Reportedly, the CBS system was purchased for $71 million while its market price was just $17.5 million. According to NAB’s letter, the Financial Crimes Investigation Wing of NAB Sindh has sought all relevant record since 2003 from NBP’s legal head.
CBS is a banking service provided by a group of networked branches where customers may access their accounts and perform basic transactions from any of the member branch offices. CBS, comprising specially designed software and hardware, are new jargon frequently used in banking circles.
The advancement in technology, especially Internet and information technology has led to new ways of doing business in banking.
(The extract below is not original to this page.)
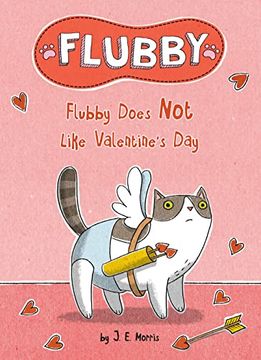 portada Flubby Does not Like Valentine's day (en Inglés)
These technologies have cut down time, working simultaneously on different issues and increasing efficiency. The platform where communication technology and information technology are merged to suit core needs of banking is known as core banking solutions.
The NAB letter says that as the inquiry has revealed and evidence come out that offence regarding purchasing Core banking application at higher rates by NBP has been committed, therefore the competent authority directs “concerned officer to appear before Muhammad Nasir Shahzad Asst Director/IO at FCI Wing NAB (Sindh)”.
A petition was also filed in the Supreme Court in 2011 regarding CBS in which SBP’s observations were also made the base by which the bank management had confessed that the CBS was implemented in only one branch instead of 250 as promised. The petition had revealed that in the year 2002, the bank planned to acquire a “Core Banking Application” at total estimated cost of $17.5m–$2.5m for software and $15m for associated hardware. Under Section 33-B of NAB Ordinance 1999, all purchases of Rs50 million or above were required to be reported to NAB for obtaining mandatory clearance. Furthermore, a certificate was also required that all procurements procedure was followed.
The petition quoted SBP’s inspection report, dated 31-12-2010, which states that SBP team observed various irregularities in procurement/implementation of CBS. It was observed that at the time of initiation of project, neither the bank conducted any exercise on Business Process Reengineering nor was any selection criterion defined for the system in violation of BSD Circular No. 8 of 2005. Resultantly, after considerable lapse of time, the bank was considering to amend the existing contract with the vendor to run the core banking system on centralised basis instead of de-centralised mode. So far, the system had been implemented in only one branch, whereas the bank had paid $9.372m to the vendor. It may be mentioned here that the total cost of project (including the hardware) was estimated at $56m. The total payable to the vendor was approximately $18m out of which the bank had paid 90 percent of the licence fees at the outset, while $0.908 million was paid in October 2010 as an ad hoc payment.
As per the initial timelines of the project, 250 branches were to have the system installed by September 2010, which was subsequently amended as 100 branches by July 2011. On the contrary, CBS has been implemented in just one branch of the bank and even UAT (User acceptance testing) of that branch was not completed.”